1. Introduction

In recent years, THz fibers and waveguides have attracted much attention. They have potential applications in communication, spectroscopy, imaging, and sensing. For the practical applications, functional devices such as switches, filters, and modulators are essential. A waveguide-based device enables both transmission and manipulation of the guided optical waves and has the advantages of fiber compatibility, compactness, and low insertion loss. Therefore, such a device can be more easily integrated in fiber-based systems than can other functional devices. In the THz frequency range, some waveguide-based filters have been demonstrated [1–4]. They include a PPWG with a 2D Bragg structure [1] and a slab waveguide with periodic gratings [2], which are operated at a fixed frequency. Frequency tunability is achieved by incorporating liquid crystal materials [3] or a semiconductor defect layer [5,6] into the THz photonic crystal waveguides to shift the bandgap of the waveguide in a manner that is controlled by an external stimulus, such as the electrical/magnetic field [3,5], temperature [6], or photoexcitation. A tunable metallic photonic crystal filter that operates in a frequency range of 365~385GHz is demonstrated by mechanically lateral-shifting the distance between two photonic crystal plates [7]. These THz filters rely on the insertion of a resonant structure inside the waveguide, such as a Bragg grating [1,2] or a photonic crystal [2,3,5,7], and an additional costly fabrication process or multiple dielectric layers are required. When such a resonant structure is introduced, its spectral properties can be tuned only over a certain frequency range, which is dominated by the materials and geometry of the waveguide [8].

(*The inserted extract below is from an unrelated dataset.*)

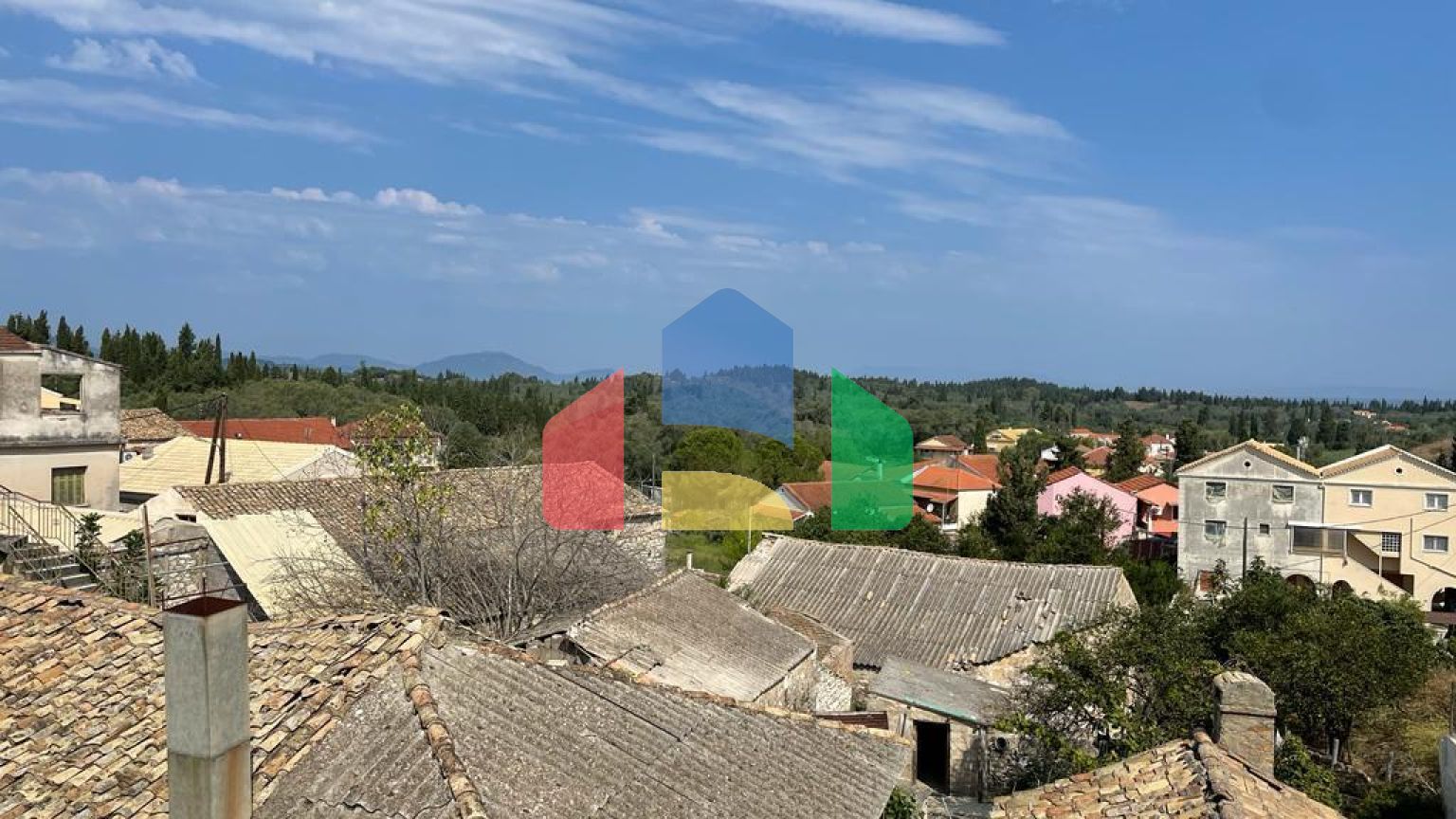 Продажа - Коттедж 200 m² на о. Корфу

Recently, Sun et al. developed a simple and low-loss THz pipe waveguide [9] from a cheap and easily acquired plastic tube, whose guidance mechanism is based on an anti-resonant reflecting optical waveguide (ARROW) [8]. THz waves are strongly confined in the low-index core by antiresonant reflection from a single high-index cladding layer that effectively acts as Fabry- Pérot (FP) etalon. Based on the FP resonance of the dielectric cladding, THz waves escape from the waveguide core and multiple periodic resonant dips are appeared in the transmission spectrum [8,9]. Therefore, no additional resonant structures have to be introduced in the waveguide for the THz filter application. The spectral positions of transmission dips are mainly determined by the refractive index and thickness of the waveguide cladding [8]. An ARROW-based filter in the optical regime for optofluidic sensing [10], operated at a fixed working frequency, was demonstrated. However, the device lacks frequency tunability owing to its specific waveguide geometry. An ARROW-like microstructure optical fiber in which micro-inclusions are filled with temperature-sensitive liquids was theoretically demonstrated, for use in a tunable photonic device [8]. The spectral positions of the transmission dips were continuously tuned by changing the temperature, and thereby continuously changing the cladding index of the ARROW.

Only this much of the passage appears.